La palabra sabiduría, en cambio, proviene de “sápere”, que es gustar, saborear. De ahí que, no basta con tener información o acumular conocimientos, sino que se necesita paladear y encontrar el sabor de la vida, o sea, aplicar en la práctica lo que se ha aprendido, buscar cómo vivir con más sentido y humanidad.
Sin embargo, habrá que hacerle justicia a la palabra erudición, puesto que no es mala. Lo que sucede es que abundan los falsos eruditos que adoptan poses afectadas y se pavonean como antiguos doctores de la ley.
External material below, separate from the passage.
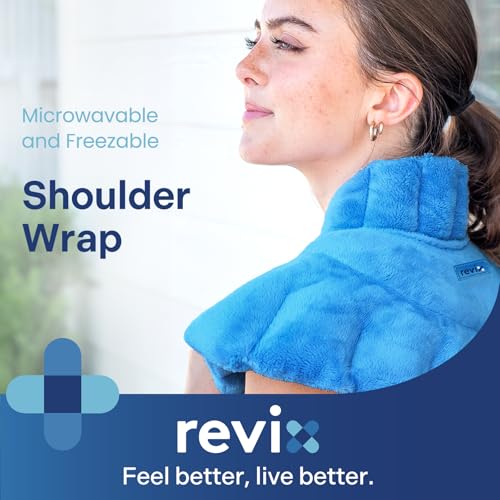 REVIX Neck Heating Pad Microwavable, Weighted Microwave Shoulder Wrap - color: Blue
Por ejemplo, en el Siglo 18, Benito Jerónimo Feijoo retrató así a quien se arropa con una sabiduría aparente:
“Ya se arruga la frente, ya se acercan una a otra las cejas, ya se ladean los ojos, ya se arrollan las mejillas, ya se extiende el labio inferior en forma de copa penada, ya se bambanea con movimientos vibratorios la cabeza, y en todo se procura afectar un ceño desdeñoso. Estos son unos hombres que más de la mitad de su sabiduría la tienen en los músculos, de que se sirven para darse todos estos movimientos”.
En esa misma época, José de Cadalso señaló que pululaban muchos aparentes sabios que se pavoneaban pedantemente y repetían como papagayos para sorprender a los incautos. Cadalso escribió en 1772 una obra titulada: “Eruditos a la violeta”, para desvestir a quienes “sabiendo poco, aparentan mucha ciencia”.
Hoy, gozamos de muchos datos e información y erudición; pero, adolecemos de reposo, profundidad y sabiduría.